Flamenco

Bienal de Sevilla 2020: Fahmi Alqhai y Patricia Guerrero, pan de oro para un día gris

El violagambista sevillano y la bailaora granadina firman un espectáculo memorable en San Luis de los Franceses

Espectáculo Paraíso Perdido, con la participación de Fahmi Alqhai y Patricia Guerrero en la iglesia San Luis de los Franceses Juan Flores

Luis Ybarra Ramirez

Han elegido el día más nublado para venir a envolvernos en pan de oro. Con humedad en los huesos untuosos, sin más pretensión que esa, Fahmi Alqhai y Patricia Guerrero nos acogieron en su garganta de cuerda frotada y baile para que, como si de un tobogán se tratase, nos deslizara hacia esa promesa de paraíso perdido. No es al edén de Milton al que se dirigen, sino a una ciudad remota que es esta que fue y no ha sido. Un barroco de corro en la calle encontrado con la danza flamenca . Marionas que la granadina interpreta por bulerías, canarios que son tangos, un fandango con más de tres siglos de letargo en el pentagrama, el de Santiago de Murcia, para una joven que no supera la treintena.

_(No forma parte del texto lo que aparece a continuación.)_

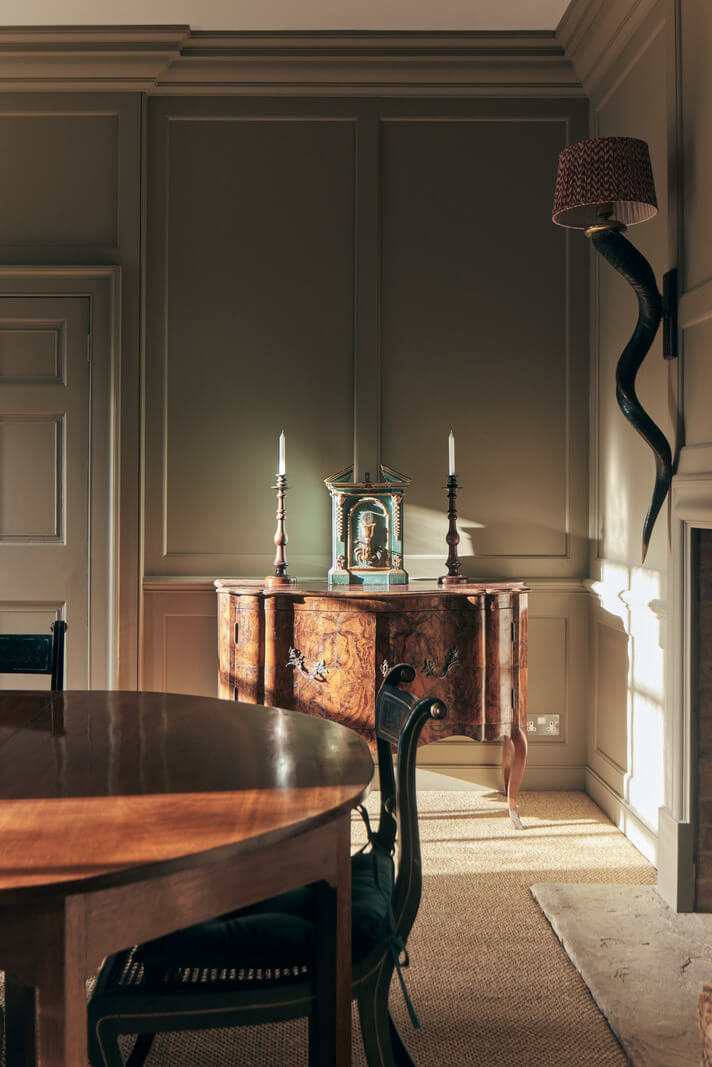 A Historic English Country House with Restored Interiors 15 natural light dining room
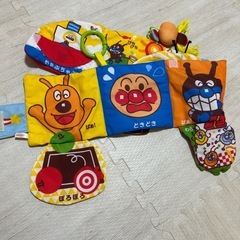 【アンパンマン】 布絵本　おもちゃ　ベビー　0歳の画像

La viola da gamba carraspea como una lengua de madera. Y ella busca en ningún lugar poses pretéritas con la mirada, con un gesto entre lo culto y lo popular. Divertida y con careta, elegante y burlesca. Se canta fúnebre a sí misma con el eco hecho petenera bajo un velo negro y seguirillera en los reniegos del tipo más romántico de la Alameda: Tomás Pavón, un hombre con la voz encerrada en el alma y el alma fuera siempre de su contexto, mucho más atrás. Y atrás. Con las uñas llenas de tierra de hurgar por las páginas sepultadas de escombros, sigue bailando. Tiene el luto y la guasa, a Bach muerto entre los brazos, el adoquín y el mármol ámbar de un palacio en la planta del pie. Se rompe como un palio que ya de lejos se intuye herido, con los varales hechos trizas. Mastica los silencios, renace y muere. Vuela.

Los diálogos de viejos y nuevos sones que inició el músico sevillano junto a Rocío Márquez están allí y avanzan en la conversación por su cuenta. Desprovistos casi de norma y, por supuesto, de dueño. Una actriz le ayuda sin estorbar a Patricia Guerrero en los cambios de vestuario. El festejo y el entierro no cesan. Ya, como los requiebros de aquel gitano genial y a destiempo de todo, en un salón de cristal imaginario en el que llueve el pan cetrino del principio mojado de un sudor en el que gozosamente nos bañamos. Qué extraño paraíso.